┌──

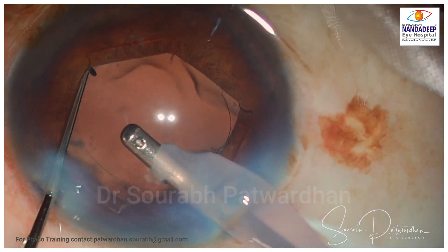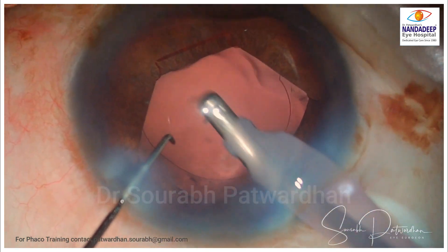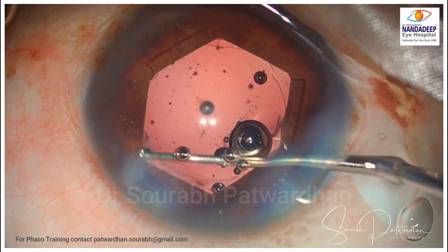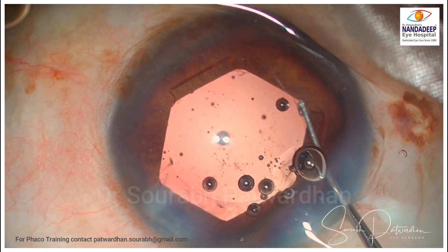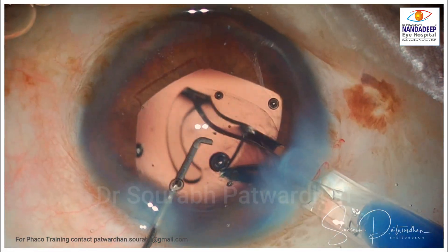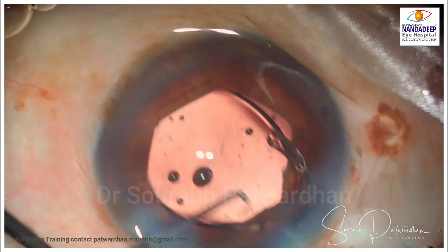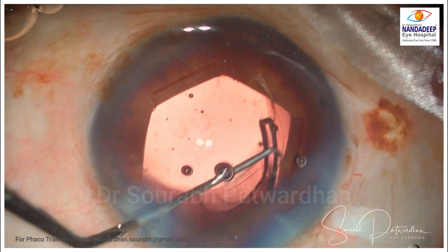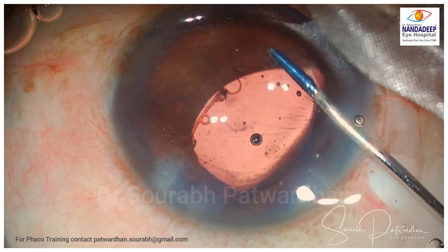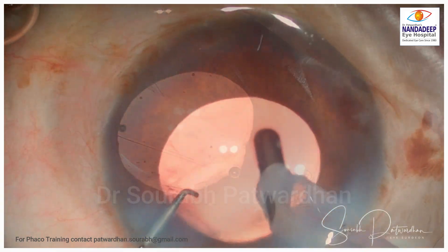You can retract the B-hex and check for any residual cortex. It is better to use a Couglan hook to retract the iris all around. Be watchful for any retained cortex and remove it before putting the IOL if possible. While injecting the IOL, just make sure that the trailing haptic doesn't get engaged in any of the flanges of the B-hex, otherwise the B-hex may get entangled from the iris and go under the iris. Just be careful about that.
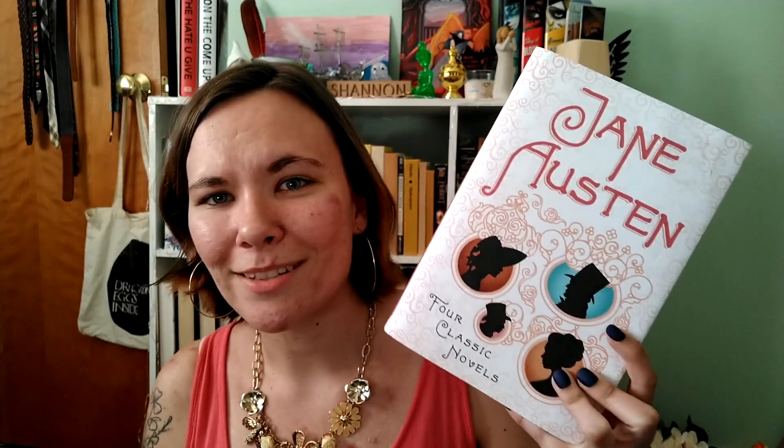The final book is not actually for me — it's for my sister. It's Jane Austen, with four tales: Sense and Sensibility, Pride and Prejudice, Emma, and Persuasion. I thought it was a really pretty version and my sister loves Jane Austen. I was asking her a while ago if she had the books and wanted them, so when I saw this I had to get it. It was again a really good price for four books in one beautiful edition — so that's all of them.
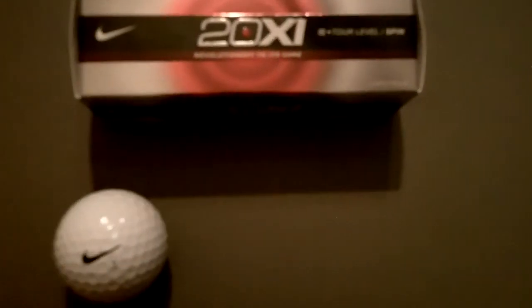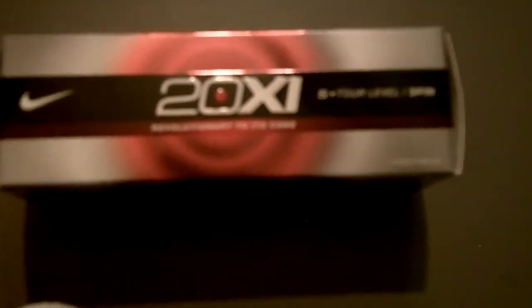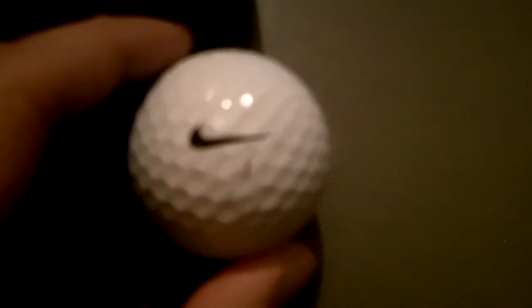What's up YouTube? This is AnthonyKimFan22 here. Just picked up the Nike brand new 20XI golf balls. They're supposed to be the first golf balls with a RZN core. I got the 20XIS tour level spin. And there's the ball.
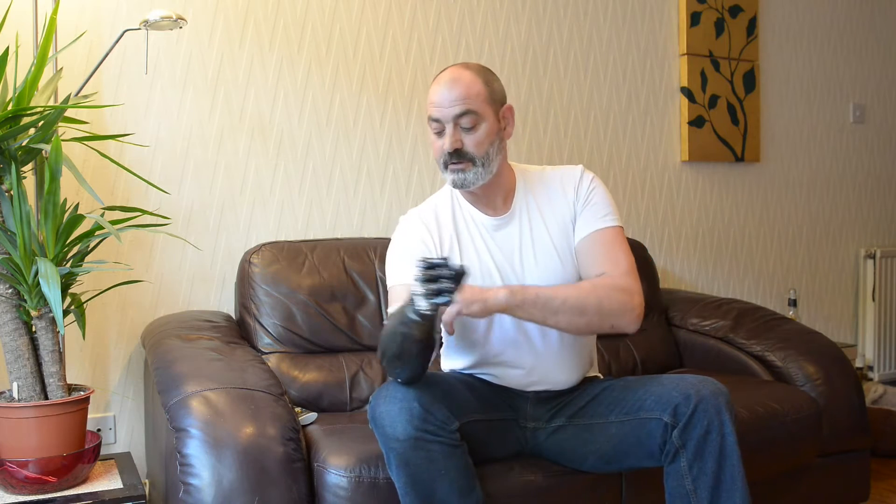Hi, I'm Nigel. I lost part of my arm in an accident at work a few years ago. Since then I've been fortunate enough to be given one of these to trial. This is the Be Bionic V3 — it's a prosthetic hand and it works from sensors on the inside and outside of my arm and muscle control.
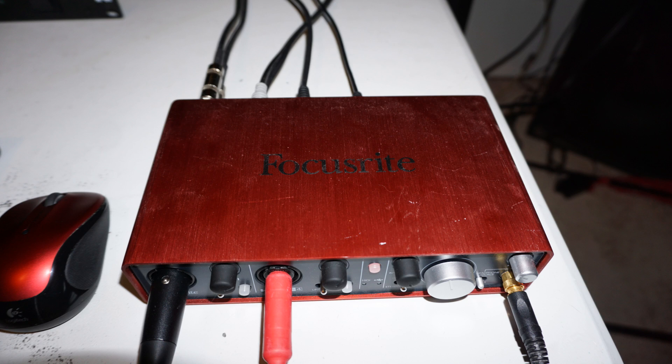Hey, what's up everyone? I figured I'd take this opportunity to show you all how I set up my Focusrite 2i4, because I took a look at it the other day and it looked like an octopus because every single orifice of this thing had something coming out of it.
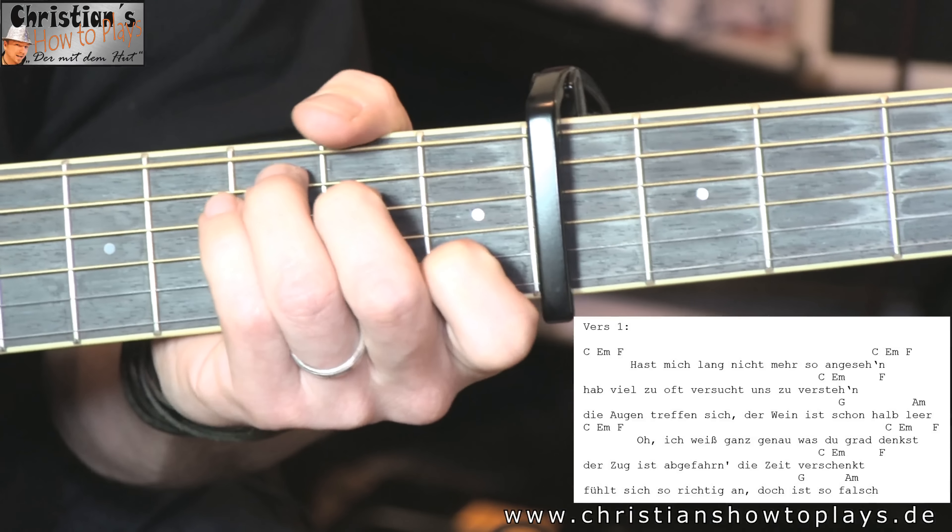Dann das F. F müsstet ihr wissen. Dann fängt er an zu singen. Die Strophe läuft über: C, F, C, E-Moll, F. Da gibt es Interpretationen, die dann zweimal das C spielen – ich finde das doof. Ich höre da noch einen dritten Akkord raus. Wenn ihr das nicht so schnell hinkriegt, macht einfach C einmal und dann das F. Hauptsache, ihr kommt auf das F drauf. Aber ansonsten: C, E-Moll, F.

└──

**What you need to do:** The reply should consist of the listing restated word for word, with its pictures removed.

**Problem solution:**
You can retract the B-hex and check for any residual cortex. It is better to use a Couglan hook to retract the iris all around. Be watchful for any retained cortex and remove it before putting the IOL if possible. While injecting the IOL, just make sure that the trailing haptic doesn't get engaged in any of the flanges of the B-hex, otherwise the B-hex may get entangled from the iris and go under the iris. Just be careful about that.
The final book is not actually for me — it's for my sister. It's Jane Austen, with four tales: Sense and Sensibility, Pride and Prejudice, Emma, and Persuasion. I thought it was a really pretty version and my sister loves Jane Austen. I was asking her a while ago if she had the books and wanted them, so when I saw this I had to get it. It was again a really good price for four books in one beautiful edition — so that's all of them.
What's up YouTube? This is AnthonyKimFan22 here. Just picked up the Nike brand new 20XI golf balls. They're supposed to be the first golf balls with a RZN core. I got the 20XIS tour level spin. And there's the ball.
Hi, I'm Nigel. I lost part of my arm in an accident at work a few years ago. Since then I've been fortunate enough to be given one of these to trial. This is the Be Bionic V3 — it's a prosthetic hand and it works from sensors on the inside and outside of my arm and muscle control.
Hey, what's up everyone? I figured I'd take this opportunity to show you all how I set up my Focusrite 2i4, because I took a look at it the other day and it looked like an octopus because every single orifice of this thing had something coming out of it.
Dann das F. F müsstet ihr wissen. Dann fängt er an zu singen. Die Strophe läuft über: C, F, C, E-Moll, F. Da gibt es Interpretationen, die dann zweimal das C spielen – ich finde das doof. Ich höre da noch einen dritten Akkord raus. Wenn ihr das nicht so schnell hinkriegt, macht einfach C einmal und dann das F. Hauptsache, ihr kommt auf das F drauf. Aber ansonsten: C, E-Moll, F.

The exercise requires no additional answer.